A 24-lb weight, attached to the end of a spring, stretches it 4 inches. Find the equation of motion if the weight is released from rest from a point 3 inches above the equilibrium position.


Homework Equations


[tex]\frac{d^{2}{x}}{dt^2}+\frac{k}{m}x=0[/tex]
[tex]F=ma[/tex]


The Attempt at a Solution



First I found the spring constant k using [itex]F=ma=ks[/itex] at the point of equilibrium where the weight isn't moving. s is the displacement the weight causes on the spring, which is 4 inches, or 1/3 feet. So that equation turns out to be the weight equals the mass times the acceleration of gravity, which equals the spring constant times the displacement the weight caused, which is [itex]24=k(\frac{1}{3})[/itex].

I found mass, m, by using [itex]F=ma[/itex] which is [itex]24lb=m(32\frac{ft}{s^2})[/itex] which gives me [itex]\frac{3}{4} slug[/itex]

Putting that into my relevant equation at the top, it gives me [itex]\frac{d^{2}x}{dt^2}+96x=0[/itex] And using that one method (I forgot the name), I get [itex]m^2+96=0[/itex] which gives me [itex]m=\pm\sqrt{96}i[/itex]
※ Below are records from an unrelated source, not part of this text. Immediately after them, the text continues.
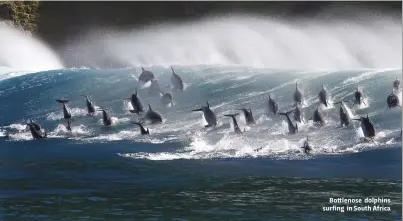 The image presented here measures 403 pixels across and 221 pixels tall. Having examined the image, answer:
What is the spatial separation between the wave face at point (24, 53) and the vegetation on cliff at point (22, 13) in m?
0.33

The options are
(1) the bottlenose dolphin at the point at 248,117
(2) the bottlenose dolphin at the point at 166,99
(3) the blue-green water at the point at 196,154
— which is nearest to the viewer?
(3) the blue-green water at the point at 196,154

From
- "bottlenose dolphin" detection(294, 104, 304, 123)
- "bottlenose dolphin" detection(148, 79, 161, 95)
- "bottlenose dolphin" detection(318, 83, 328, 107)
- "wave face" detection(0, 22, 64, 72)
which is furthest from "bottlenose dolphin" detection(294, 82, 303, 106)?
"wave face" detection(0, 22, 64, 72)

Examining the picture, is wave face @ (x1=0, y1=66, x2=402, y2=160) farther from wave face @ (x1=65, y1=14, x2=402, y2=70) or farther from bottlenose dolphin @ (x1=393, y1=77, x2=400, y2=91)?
wave face @ (x1=65, y1=14, x2=402, y2=70)

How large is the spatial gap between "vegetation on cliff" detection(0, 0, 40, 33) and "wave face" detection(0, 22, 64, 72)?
328 mm

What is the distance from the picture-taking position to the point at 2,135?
1439 cm

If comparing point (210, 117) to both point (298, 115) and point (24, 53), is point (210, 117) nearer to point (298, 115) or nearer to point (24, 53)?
point (298, 115)

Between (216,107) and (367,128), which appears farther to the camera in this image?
(216,107)

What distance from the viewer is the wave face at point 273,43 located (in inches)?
693

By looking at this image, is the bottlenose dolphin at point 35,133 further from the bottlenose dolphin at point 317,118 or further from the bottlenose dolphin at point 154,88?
the bottlenose dolphin at point 317,118

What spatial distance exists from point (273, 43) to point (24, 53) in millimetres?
9260

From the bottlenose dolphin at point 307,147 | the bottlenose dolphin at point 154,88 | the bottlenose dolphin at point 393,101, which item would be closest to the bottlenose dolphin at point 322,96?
the bottlenose dolphin at point 393,101

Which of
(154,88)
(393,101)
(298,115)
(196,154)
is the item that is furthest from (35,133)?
(393,101)

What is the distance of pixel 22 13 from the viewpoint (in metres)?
20.8

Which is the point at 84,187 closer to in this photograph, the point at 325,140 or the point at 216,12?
the point at 325,140
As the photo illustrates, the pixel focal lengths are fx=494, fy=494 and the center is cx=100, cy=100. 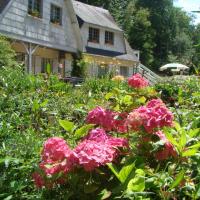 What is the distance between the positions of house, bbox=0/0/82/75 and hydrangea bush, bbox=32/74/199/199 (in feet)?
59.6

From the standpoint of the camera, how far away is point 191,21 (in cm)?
8238

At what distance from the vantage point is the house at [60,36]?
887 inches

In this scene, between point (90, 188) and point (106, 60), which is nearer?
point (90, 188)

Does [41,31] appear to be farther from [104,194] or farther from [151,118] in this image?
[104,194]

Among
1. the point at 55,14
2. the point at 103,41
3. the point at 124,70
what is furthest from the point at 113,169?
the point at 124,70

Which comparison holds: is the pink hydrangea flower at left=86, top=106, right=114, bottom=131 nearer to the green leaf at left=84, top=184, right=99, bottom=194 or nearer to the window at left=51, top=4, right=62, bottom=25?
the green leaf at left=84, top=184, right=99, bottom=194

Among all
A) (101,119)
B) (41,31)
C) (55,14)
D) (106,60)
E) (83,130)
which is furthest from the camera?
(106,60)

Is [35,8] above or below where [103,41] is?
above

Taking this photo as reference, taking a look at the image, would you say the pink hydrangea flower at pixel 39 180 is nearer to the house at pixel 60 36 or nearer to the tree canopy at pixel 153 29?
the house at pixel 60 36

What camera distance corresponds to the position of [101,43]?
3450cm

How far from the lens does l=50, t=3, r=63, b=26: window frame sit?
25.9 metres

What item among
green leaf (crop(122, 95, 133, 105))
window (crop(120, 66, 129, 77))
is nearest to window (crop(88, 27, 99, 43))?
window (crop(120, 66, 129, 77))

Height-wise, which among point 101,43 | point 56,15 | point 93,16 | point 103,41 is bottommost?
point 101,43

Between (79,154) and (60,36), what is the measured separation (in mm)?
24501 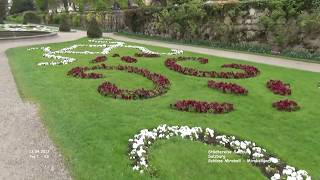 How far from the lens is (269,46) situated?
62.6ft

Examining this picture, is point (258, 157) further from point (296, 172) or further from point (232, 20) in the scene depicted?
point (232, 20)

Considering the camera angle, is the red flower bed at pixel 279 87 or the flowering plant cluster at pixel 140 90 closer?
the flowering plant cluster at pixel 140 90

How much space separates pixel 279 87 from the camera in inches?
420

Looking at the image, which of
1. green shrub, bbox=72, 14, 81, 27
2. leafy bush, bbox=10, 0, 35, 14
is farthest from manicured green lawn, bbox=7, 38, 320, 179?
leafy bush, bbox=10, 0, 35, 14

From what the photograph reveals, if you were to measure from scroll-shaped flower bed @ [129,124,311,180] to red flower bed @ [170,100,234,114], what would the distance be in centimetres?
116

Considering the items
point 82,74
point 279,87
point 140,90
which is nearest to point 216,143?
point 140,90

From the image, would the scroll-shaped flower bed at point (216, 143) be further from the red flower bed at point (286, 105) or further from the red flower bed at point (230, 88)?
the red flower bed at point (230, 88)

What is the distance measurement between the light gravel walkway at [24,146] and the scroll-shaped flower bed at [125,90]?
1.89 meters

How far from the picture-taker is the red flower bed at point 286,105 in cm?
894

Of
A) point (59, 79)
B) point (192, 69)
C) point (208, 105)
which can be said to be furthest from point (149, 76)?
point (208, 105)

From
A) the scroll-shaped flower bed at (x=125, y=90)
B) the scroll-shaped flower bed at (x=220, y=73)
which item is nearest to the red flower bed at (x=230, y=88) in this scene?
the scroll-shaped flower bed at (x=125, y=90)

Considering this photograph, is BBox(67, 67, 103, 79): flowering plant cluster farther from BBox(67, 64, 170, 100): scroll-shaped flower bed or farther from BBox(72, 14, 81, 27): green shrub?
BBox(72, 14, 81, 27): green shrub

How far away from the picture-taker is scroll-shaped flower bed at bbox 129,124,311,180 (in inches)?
233

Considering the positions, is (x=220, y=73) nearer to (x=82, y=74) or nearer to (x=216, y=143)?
(x=82, y=74) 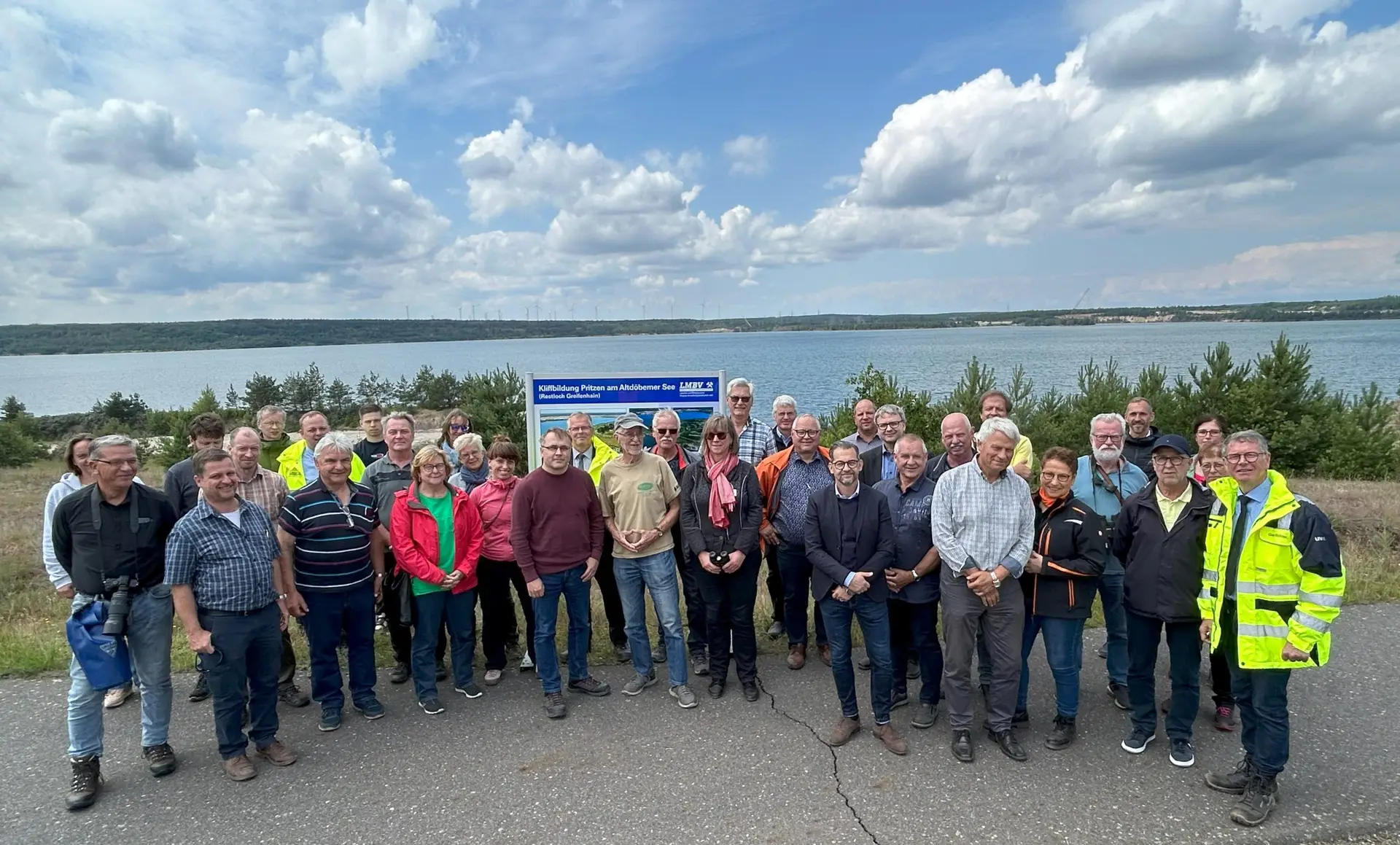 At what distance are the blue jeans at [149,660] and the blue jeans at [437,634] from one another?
1345mm

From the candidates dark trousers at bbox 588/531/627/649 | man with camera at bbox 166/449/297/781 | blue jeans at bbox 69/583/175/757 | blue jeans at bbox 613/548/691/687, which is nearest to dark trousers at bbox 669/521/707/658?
blue jeans at bbox 613/548/691/687

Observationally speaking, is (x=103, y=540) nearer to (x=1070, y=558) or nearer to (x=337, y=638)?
(x=337, y=638)

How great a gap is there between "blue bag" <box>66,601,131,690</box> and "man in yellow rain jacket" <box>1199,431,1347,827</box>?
575 cm

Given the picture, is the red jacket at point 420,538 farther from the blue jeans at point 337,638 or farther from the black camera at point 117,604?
the black camera at point 117,604

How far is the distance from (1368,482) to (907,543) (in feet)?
47.4

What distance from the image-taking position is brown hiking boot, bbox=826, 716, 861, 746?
425cm

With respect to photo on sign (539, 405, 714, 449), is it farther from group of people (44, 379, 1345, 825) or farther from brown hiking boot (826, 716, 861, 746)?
brown hiking boot (826, 716, 861, 746)

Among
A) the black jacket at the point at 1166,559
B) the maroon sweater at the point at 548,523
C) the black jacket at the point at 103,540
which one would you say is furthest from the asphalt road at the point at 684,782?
the black jacket at the point at 103,540

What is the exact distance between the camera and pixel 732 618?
5.04 m

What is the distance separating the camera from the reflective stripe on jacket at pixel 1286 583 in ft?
11.0

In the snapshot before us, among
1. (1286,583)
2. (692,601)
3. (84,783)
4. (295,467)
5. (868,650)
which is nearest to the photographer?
(1286,583)

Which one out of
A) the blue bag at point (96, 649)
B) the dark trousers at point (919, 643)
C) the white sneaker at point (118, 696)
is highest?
the blue bag at point (96, 649)

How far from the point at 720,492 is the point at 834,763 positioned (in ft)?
5.82

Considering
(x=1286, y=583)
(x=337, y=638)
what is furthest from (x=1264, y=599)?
(x=337, y=638) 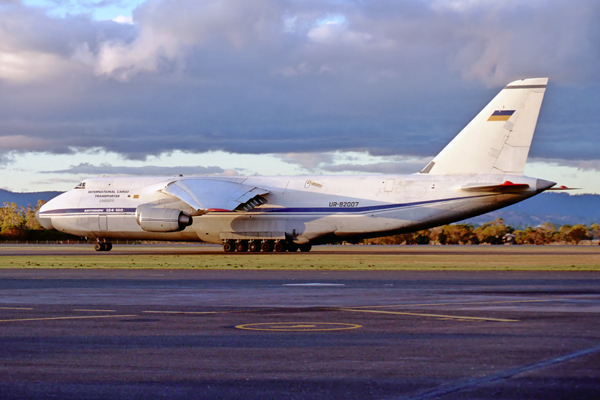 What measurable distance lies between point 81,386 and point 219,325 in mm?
5348

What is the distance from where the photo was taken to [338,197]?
169 ft

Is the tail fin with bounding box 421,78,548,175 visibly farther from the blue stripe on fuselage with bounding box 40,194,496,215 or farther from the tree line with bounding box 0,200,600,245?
the tree line with bounding box 0,200,600,245

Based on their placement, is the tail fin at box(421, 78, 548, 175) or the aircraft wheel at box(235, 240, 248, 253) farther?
the aircraft wheel at box(235, 240, 248, 253)

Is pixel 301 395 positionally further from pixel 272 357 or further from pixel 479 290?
pixel 479 290

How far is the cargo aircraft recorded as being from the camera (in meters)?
49.2

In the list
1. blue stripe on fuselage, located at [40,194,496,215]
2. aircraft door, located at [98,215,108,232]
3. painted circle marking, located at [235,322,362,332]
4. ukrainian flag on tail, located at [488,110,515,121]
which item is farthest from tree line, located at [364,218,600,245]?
painted circle marking, located at [235,322,362,332]

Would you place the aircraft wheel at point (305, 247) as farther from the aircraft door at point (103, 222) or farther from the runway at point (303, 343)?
the runway at point (303, 343)

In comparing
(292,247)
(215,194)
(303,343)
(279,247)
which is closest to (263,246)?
(279,247)

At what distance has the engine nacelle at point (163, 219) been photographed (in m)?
53.4

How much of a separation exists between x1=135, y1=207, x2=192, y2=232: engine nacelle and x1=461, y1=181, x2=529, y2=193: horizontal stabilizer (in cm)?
1899

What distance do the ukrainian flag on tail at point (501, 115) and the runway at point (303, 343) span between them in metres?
28.8

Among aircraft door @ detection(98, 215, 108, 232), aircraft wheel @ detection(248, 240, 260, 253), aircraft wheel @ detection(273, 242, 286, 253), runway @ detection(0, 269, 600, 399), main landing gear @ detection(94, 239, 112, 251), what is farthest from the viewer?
main landing gear @ detection(94, 239, 112, 251)

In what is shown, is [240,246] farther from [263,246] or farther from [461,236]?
[461,236]

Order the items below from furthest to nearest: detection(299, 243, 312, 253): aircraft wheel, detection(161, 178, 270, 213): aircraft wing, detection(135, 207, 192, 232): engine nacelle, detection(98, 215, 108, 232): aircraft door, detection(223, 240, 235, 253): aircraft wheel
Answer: detection(98, 215, 108, 232): aircraft door
detection(223, 240, 235, 253): aircraft wheel
detection(299, 243, 312, 253): aircraft wheel
detection(135, 207, 192, 232): engine nacelle
detection(161, 178, 270, 213): aircraft wing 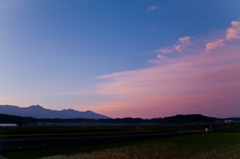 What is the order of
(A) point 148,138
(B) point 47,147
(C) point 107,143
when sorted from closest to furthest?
1. (B) point 47,147
2. (C) point 107,143
3. (A) point 148,138

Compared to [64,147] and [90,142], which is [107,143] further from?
[64,147]

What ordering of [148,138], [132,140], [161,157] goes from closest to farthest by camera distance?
[161,157]
[132,140]
[148,138]

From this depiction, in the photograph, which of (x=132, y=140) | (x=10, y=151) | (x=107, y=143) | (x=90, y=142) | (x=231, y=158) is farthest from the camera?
(x=132, y=140)

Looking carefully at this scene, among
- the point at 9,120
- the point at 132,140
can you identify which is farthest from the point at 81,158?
the point at 9,120

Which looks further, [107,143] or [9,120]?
[9,120]

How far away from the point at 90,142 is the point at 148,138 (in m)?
11.5

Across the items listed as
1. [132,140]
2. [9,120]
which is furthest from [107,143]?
[9,120]

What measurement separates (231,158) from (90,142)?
1669 centimetres

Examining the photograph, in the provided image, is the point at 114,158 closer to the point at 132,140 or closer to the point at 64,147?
the point at 64,147

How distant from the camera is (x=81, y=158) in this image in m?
14.6

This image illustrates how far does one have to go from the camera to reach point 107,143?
26.7 meters

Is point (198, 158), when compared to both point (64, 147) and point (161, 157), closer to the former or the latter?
point (161, 157)

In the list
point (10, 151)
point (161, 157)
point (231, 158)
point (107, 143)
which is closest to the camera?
point (231, 158)

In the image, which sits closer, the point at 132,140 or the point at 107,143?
the point at 107,143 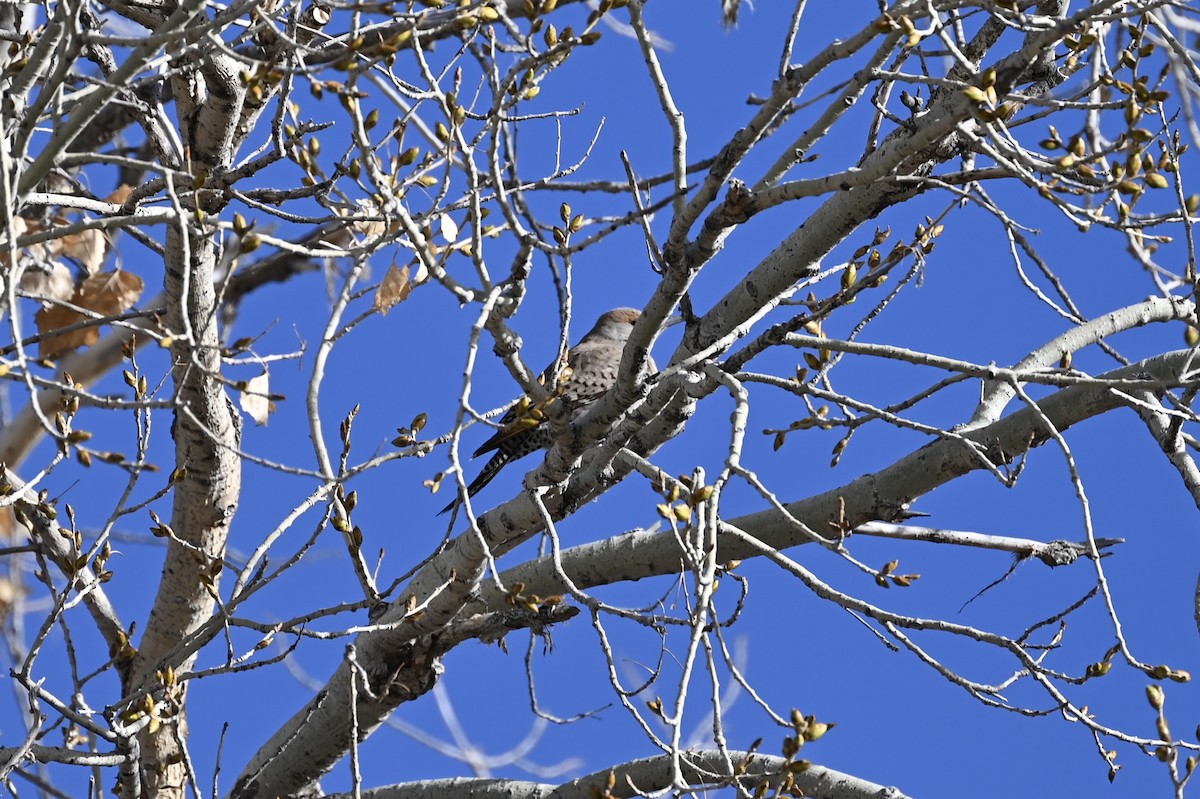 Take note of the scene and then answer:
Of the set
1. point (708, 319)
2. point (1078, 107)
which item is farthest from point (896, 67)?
point (708, 319)

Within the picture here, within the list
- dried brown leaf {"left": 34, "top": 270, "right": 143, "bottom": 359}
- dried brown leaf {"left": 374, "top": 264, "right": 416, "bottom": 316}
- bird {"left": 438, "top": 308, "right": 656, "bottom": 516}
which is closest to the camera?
dried brown leaf {"left": 374, "top": 264, "right": 416, "bottom": 316}

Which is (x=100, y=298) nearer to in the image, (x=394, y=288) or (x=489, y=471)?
(x=394, y=288)

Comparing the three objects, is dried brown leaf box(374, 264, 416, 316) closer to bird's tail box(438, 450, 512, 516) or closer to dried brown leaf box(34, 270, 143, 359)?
dried brown leaf box(34, 270, 143, 359)

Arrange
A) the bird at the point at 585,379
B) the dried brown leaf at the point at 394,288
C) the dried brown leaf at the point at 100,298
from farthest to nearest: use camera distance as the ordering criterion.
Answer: the bird at the point at 585,379 < the dried brown leaf at the point at 100,298 < the dried brown leaf at the point at 394,288

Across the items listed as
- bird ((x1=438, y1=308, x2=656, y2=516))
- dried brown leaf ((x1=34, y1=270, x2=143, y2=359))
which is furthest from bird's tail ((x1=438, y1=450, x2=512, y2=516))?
dried brown leaf ((x1=34, y1=270, x2=143, y2=359))

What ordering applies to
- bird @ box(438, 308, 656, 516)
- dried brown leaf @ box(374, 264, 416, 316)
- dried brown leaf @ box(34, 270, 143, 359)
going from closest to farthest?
dried brown leaf @ box(374, 264, 416, 316), dried brown leaf @ box(34, 270, 143, 359), bird @ box(438, 308, 656, 516)

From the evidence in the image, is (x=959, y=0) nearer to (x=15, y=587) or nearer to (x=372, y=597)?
(x=372, y=597)

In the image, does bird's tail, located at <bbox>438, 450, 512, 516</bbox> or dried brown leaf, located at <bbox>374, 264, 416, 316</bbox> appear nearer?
dried brown leaf, located at <bbox>374, 264, 416, 316</bbox>

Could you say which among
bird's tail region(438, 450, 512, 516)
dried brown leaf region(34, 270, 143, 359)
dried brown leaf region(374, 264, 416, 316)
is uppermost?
bird's tail region(438, 450, 512, 516)

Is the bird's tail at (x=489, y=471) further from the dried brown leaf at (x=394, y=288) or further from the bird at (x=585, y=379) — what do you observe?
the dried brown leaf at (x=394, y=288)

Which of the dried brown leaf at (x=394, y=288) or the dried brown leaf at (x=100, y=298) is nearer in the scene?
the dried brown leaf at (x=394, y=288)

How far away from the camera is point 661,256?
3.30m

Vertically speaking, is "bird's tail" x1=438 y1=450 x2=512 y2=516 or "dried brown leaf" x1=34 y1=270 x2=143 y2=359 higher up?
"bird's tail" x1=438 y1=450 x2=512 y2=516

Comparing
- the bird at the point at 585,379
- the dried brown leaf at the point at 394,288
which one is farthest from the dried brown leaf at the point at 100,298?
the bird at the point at 585,379
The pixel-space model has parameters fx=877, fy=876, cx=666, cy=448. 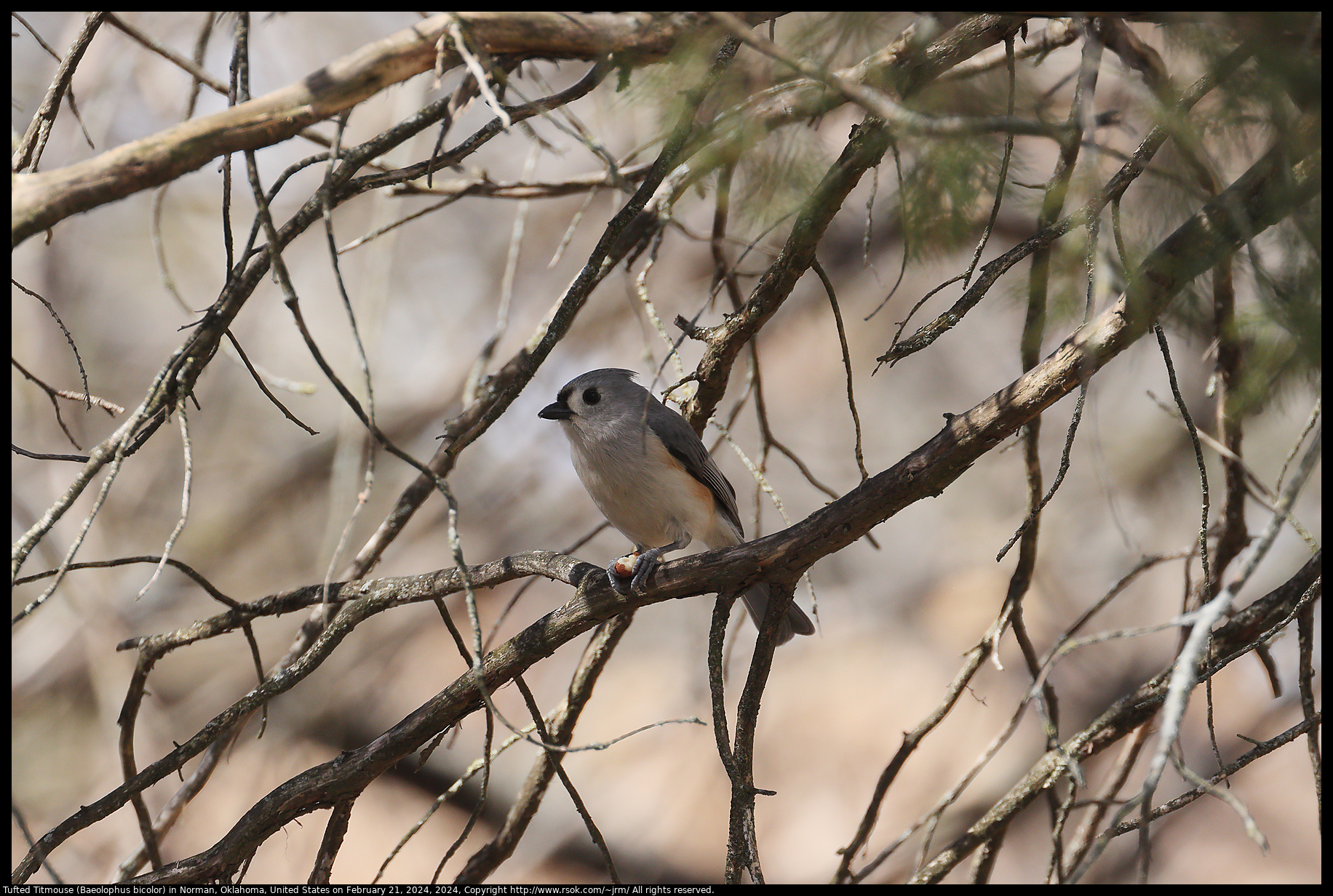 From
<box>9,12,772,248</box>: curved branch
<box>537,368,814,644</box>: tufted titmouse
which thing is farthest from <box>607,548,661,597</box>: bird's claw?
<box>9,12,772,248</box>: curved branch

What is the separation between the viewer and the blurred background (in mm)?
4898

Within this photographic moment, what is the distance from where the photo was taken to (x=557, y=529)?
627cm

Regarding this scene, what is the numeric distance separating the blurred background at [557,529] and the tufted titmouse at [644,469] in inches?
15.5

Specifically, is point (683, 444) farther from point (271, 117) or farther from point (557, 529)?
point (557, 529)

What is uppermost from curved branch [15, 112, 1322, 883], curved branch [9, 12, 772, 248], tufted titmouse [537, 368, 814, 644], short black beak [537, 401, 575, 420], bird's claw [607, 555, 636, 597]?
short black beak [537, 401, 575, 420]

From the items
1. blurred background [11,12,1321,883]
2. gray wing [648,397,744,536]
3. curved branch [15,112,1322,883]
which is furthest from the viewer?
blurred background [11,12,1321,883]

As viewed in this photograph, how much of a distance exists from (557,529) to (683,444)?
294 cm

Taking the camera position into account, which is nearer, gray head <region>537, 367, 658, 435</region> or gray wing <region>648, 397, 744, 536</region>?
gray wing <region>648, 397, 744, 536</region>

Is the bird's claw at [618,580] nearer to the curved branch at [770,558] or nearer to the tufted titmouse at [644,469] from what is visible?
the curved branch at [770,558]

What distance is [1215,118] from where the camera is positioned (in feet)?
5.26

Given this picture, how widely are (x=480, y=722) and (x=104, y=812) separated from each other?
400 cm

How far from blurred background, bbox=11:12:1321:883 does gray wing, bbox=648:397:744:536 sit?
23.5 inches

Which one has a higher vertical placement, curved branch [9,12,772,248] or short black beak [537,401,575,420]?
short black beak [537,401,575,420]

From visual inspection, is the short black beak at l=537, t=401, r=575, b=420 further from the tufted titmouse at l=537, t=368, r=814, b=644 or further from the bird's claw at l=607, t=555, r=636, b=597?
the bird's claw at l=607, t=555, r=636, b=597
I use that for [itex]C_{1}cos\sqrt{96}t+c_{2}sin\sqrt{96}t[/itex]

Now I have to find initial conditions to solve for [itex]C_{1}[/itex] and [itex]C_{2}[/itex]

My initial position is [itex]\frac{1}{4}ft[/itex] above the equilibrium point, so does that mean I set that equation equal to [itex]-\frac{1}{4}[/itex] and then solve for when t = 0?

And to get the other one, do I need to find the equation for the velocity by deriving the position equation? I'm not sure what I would set that equation equal to.

Thanks.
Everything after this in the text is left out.